A simple way to to say “export this nn.Module to X graph compiler”, with a similar interface to .to(), but works only on nn.Modules and not tensors, as well as the ability to use such compiled modules in TorchScript.

Combined, these two things will make the performance story a lot clearer for PyTorch. If you are just hoping for performance improvements without doing any work, the native JIT runtime should be “good enough”. If you are really trying to squeeze performance by tuning your model work well with a graph compiler (say TensorRT), you should be able to imperatively tell TorchScript “convert this module to a TensorRT graph or fail” and backend vendors can implement the conversions as they see fit.

As for your specific questions:

What is the ultimate goal for torchscript/libtorch? Is it just for converting into c++? Or will it also provide direct support for hardware acceleration?

We plan to provide direct support for hardware acceleration using TorchScript, in the manner described above.

Will torchscript/libtorch replace the need for Caffe2? How does ONNX fit into this?

TorchScript is intended as a replacement for PyTorch → ONNX → Caffe2 conversion. We think the experience is overall better, as we can precisely preserve the semantics of your model code and you don’t have to work with two separate frameworks.

That said, we will continue to support a PyTorch → ONNX conversion step, as it is a standard that we want PyTorch as a framework to interoperate with well. ONNX covers CoreML, ONNX.js etc. which are pretty useful (from what we heard).

What is the recommended optimized runtime format? (Onnxruntime, glow, tensorrt, tvm)? Will your recommendation change in 6-12 months?

We don’t have a recommended backend. They all have different strengths and weaknesses, so it will depend heavily on your use case and hardware which is right for you.

In 6–12 months, I think that recommendation will be the same, prefixed by "you should really consider using just the native JIT optimization, perhaps it will be good enough that you can avoid the integration cost of a secondary backend“

Do we have any performance benchmarks for each of these formats? Python vs Libtorch? Libtorch vs Glow?

We do not have comprehensive benchmarks between backends, no. Generally, it is somewhat difficult as graph compilers tend to be sensitive to changes in the model, so it’s hard to get a “fair” comparison everyone is happy with.

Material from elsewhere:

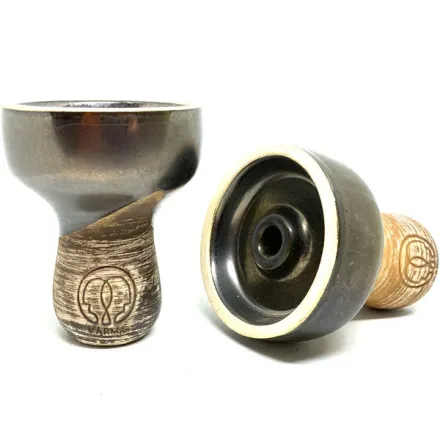 Clay Hookah Bowl Karma - Turka Fanel (Black Matt)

As for Python vs. TorchScript/JIT: to set expectations, we generally tell people “it should be about the same speed”, as we have not really started turning the optimization crank yet. As mentioned above, this is an area we are beginning to invest in quite heavily, so this should improve soon. We did some small work so far, and wrote about it here and you can see what that would generally look like as we do more stuff.